Networks fear internet TV

The big TV networks around the world are feeling the pinch as the recession bites, but it is predicted to get much worse over the coming years.

tvnetworks 2 Networks fear internet TVIt has been predicted that The major networks could lose as much as 75% advertising revenue over the next 10 years. The research by London based Generator Research, predicts that the traditional television advertising market in the US could shrink from the existing $58 billion to a mere $13 billion.

The driving force behind the shrinking revenue will be a switch of viewing away from TV sets to internet streams, including consumers watching TV as normal but the signal is delivered through an internet connection.

The research group estimates that 25 percent of TV viewing will take place on the internet by late next decade and that ultimately half of all viewing of TV quality video will take place on the internet, equal to the time viewers spend watching TV.

The projections are based on past trends where consumers replaced one technology with another, says Andrew Sheehy, head of research at Generator.

“We’ve benchmarked the rate that this market will probably develop by looking at similar markets, such as how long it took DVD players to replace VCRs and for CDs to replace vinyl,” he says. “We’re looking at a 15- to 20-year cycle, so we’ve got a rough time scale for how long the internet [TV] market will develop.”

Says Sheehy: “We are aware that all the TV manufacturers are planning to produce internet-enabled TV sets. In the long term, it’ll be a direct connection. But in the interim it’ll be through a separate box.”

But the broadcast networks can stave off this trend and in fact could boost ad revenue by adapting to and leading the shift to internet TV. In place of a single source revenue model the networks would evolve to a model with several streams.

In 10 years, under this new model, traditional TV spots would account for some 25 percent of TV dollars years but a second stream would come from internet connected TV sets. Internet connected TV content alone could be generating nearly $18 billion in ad revenue by 2019, according to Sheehy.

A third potential source of ad revenue would come from TV content, complete with ads, that the networks deliver to platforms such as cell phones.

Finally, the fourth source of revenue for traditional TV networks would come from internet-based ads plugged into traditional TV broadcasts, where the ad can be tailored to the demographics and interests of specific consumers.
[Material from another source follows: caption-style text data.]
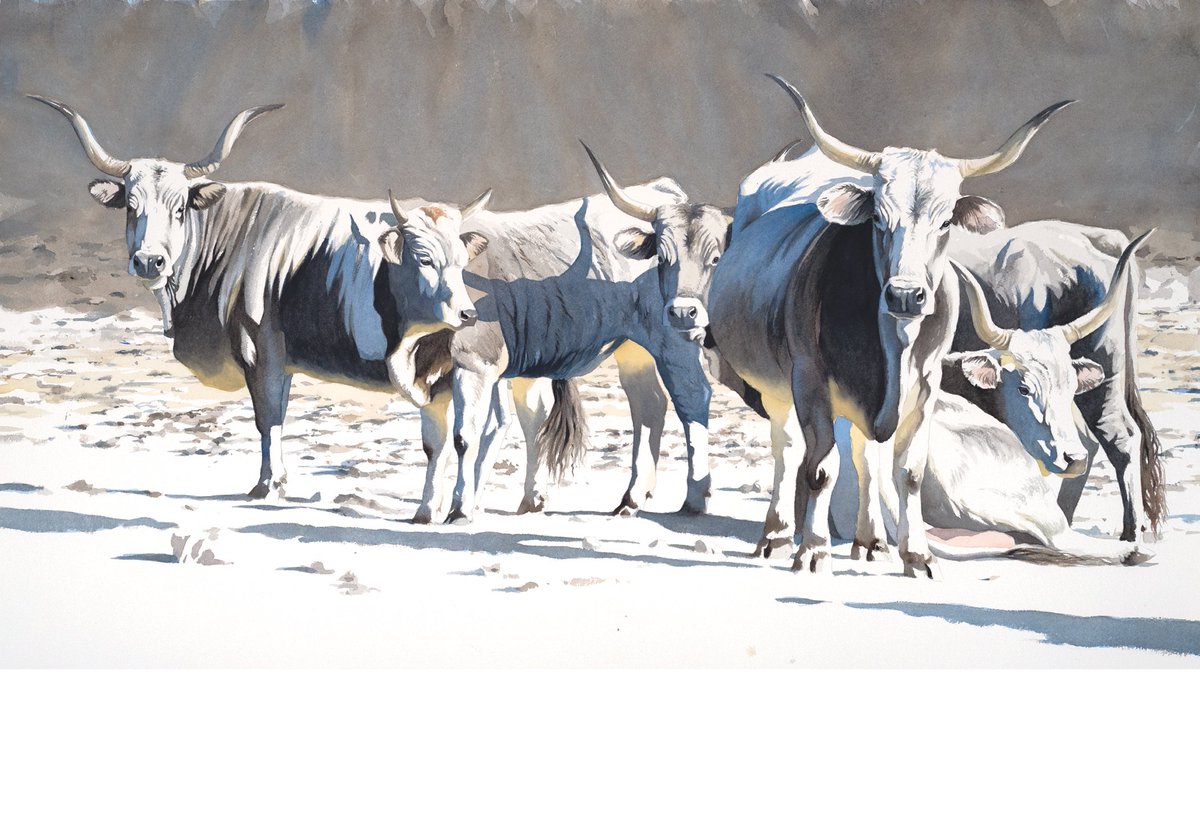 16 giugno 2018 ore 17 Inaugurazione della mostra "In Punta di Corna" Ex Frantoio di Alberese. Acquerelli di Federico Gemma. fino al 31 Agosto #alberese #maremma <a href="/Maremmans/">Maremmans</a> <a href="/maremmanews/">MaremmaNews</a> <a href="/MaremmaTurismo/">Maremma Promotion</a> <a href="/cittadeltufo/">Maremma Toscana</a> <a href="/MaremmaMagazine/">Maremma Magazine</a>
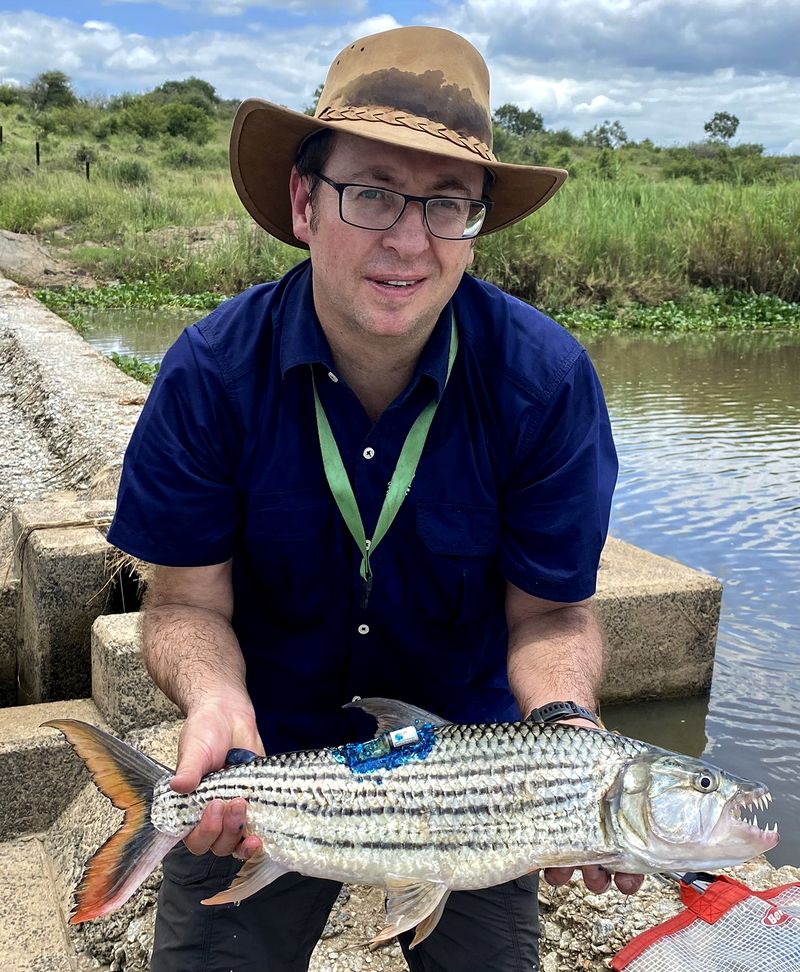How healthy is the ‘great grey-green, greasy Limpopo River’? %%page%%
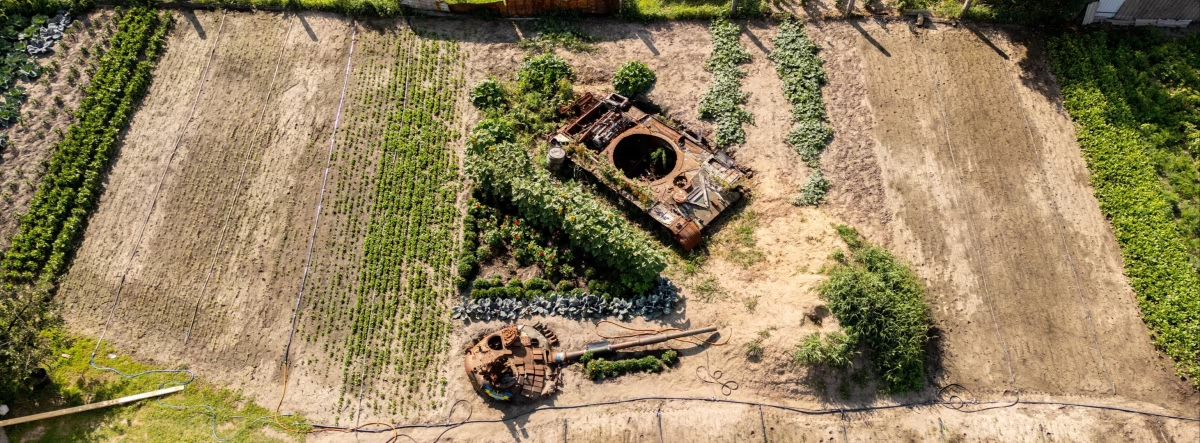 An aerial view of a destroyed tank in a garden. The main body of the tank is at an angle to the tank’s turret a few metres away. In and around the burnt-out tank are neat rows of cabbages, sunflowers and other plants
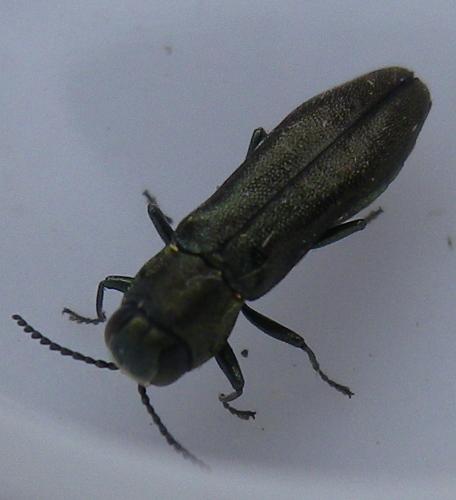 Réf. 287 694 : Agrilus sp.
“If the networks choose to embrace the change and try to manage the transition from purely broadcast to broadcast plus internet, then we’re projecting that the advertising revenues enjoyed by companies like Fox and NBC will actually go up in the long term, not down,” says Sheehy.

He says it’s likely the networks will work with electronics companies and ISPs to fully take advantage of the future TV marketplace.

“We’re envisioning the major networks sort of becoming the head of the joint venture,” he says. “What they’ll have is lots of value and lots of growth.”

The networks need to adapt now instead of pretending a worldwide internet TV market does not exist. Adapt and survive or stay still and die.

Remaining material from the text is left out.